Turbocharge Diffusion Video Generation (Pro)

Open In Colab

This tutorial demonstrates how to use the pruna package to optimize a video generation pipeline. We will use the HunyuanVideo model as an example. Any execution times given below are measured on a A10G GPU, as this tutorial requires at least 21GB of GPU memory.
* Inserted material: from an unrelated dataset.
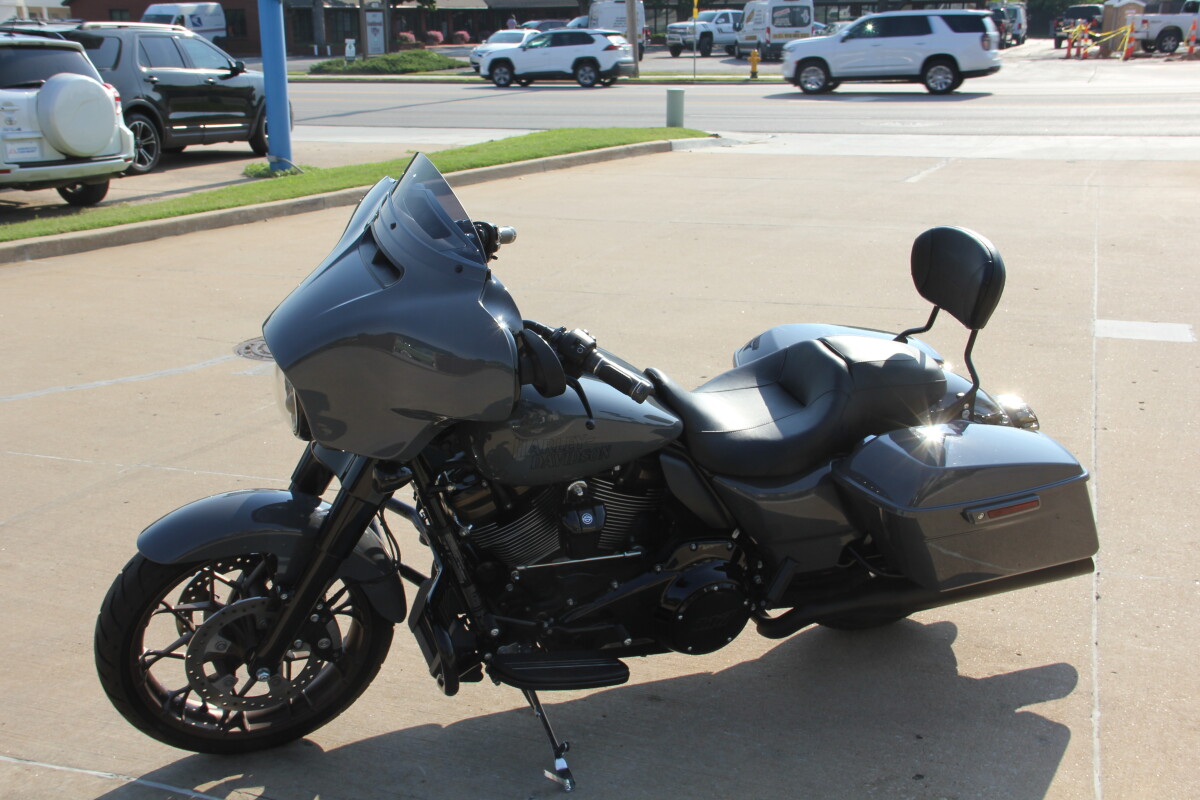 2022 Harley-Davidson Street Glide ST Gunship Gray - Photo 6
1. Loading the Stable Diffusion Video Model

First, load your video generation model.

[ ]:
import torch
from diffusers import HunyuanVideoPipeline, HunyuanVideoTransformer3DModel
from diffusers.utils import export_to_video

model_id = "tencent/HunyuanVideo"
transformer = HunyuanVideoTransformer3DModel.from_pretrained(
    model_id,
    subfolder="transformer",
    torch_dtype=torch.bfloat16,
    revision="refs/pr/18",
    cache_dir="/efs/hf_cache",
)
pipe = HunyuanVideoPipeline.from_pretrained(
    model_id,
    transformer=transformer,
    torch_dtype=torch.float16,
    revision="refs/pr/18",
    cache_dir="/efs/hf_cache",
).to("cuda")

2. Initializing the Smash Config

Next, initialize the smash_config.

[ ]:
from pruna_pro import smash, SmashConfig

# Initialize the SmashConfig
smash_config = SmashConfig()

smash_config['cacher'] = 'adaptive'

3. Smashing the Model

Now, you can smash the model, which will take around 40 seconds. Don’t forget to replace the token by the one provided by PrunaAI.

[ ]:
# Smash the model
smashed_model = smash(
    model=pipe,
    token="<your_pruna_token>",
    smash_config=smash_config,
)

4. Running the Model

Finally, run the model to generate the video with accelerated inference.

[ ]:
output = pipe(
    prompt="A cat walks on the grass, realistic",
    height=256,
    width=256,
    num_frames=129,
    num_inference_steps=30,
    generator=torch.Generator("cuda").manual_seed(1)
).frames[0]
export_to_video(output, "hunyuan_video_smashed.mp4", fps=15)

Wrap Up

Congratulations! You have successfully smashed a stable diffusion video generation model. You can now use the pruna package to optimize any custom stable diffusion video generation model. The only parts that you should modify are step 1 and step 4 to fit your use case.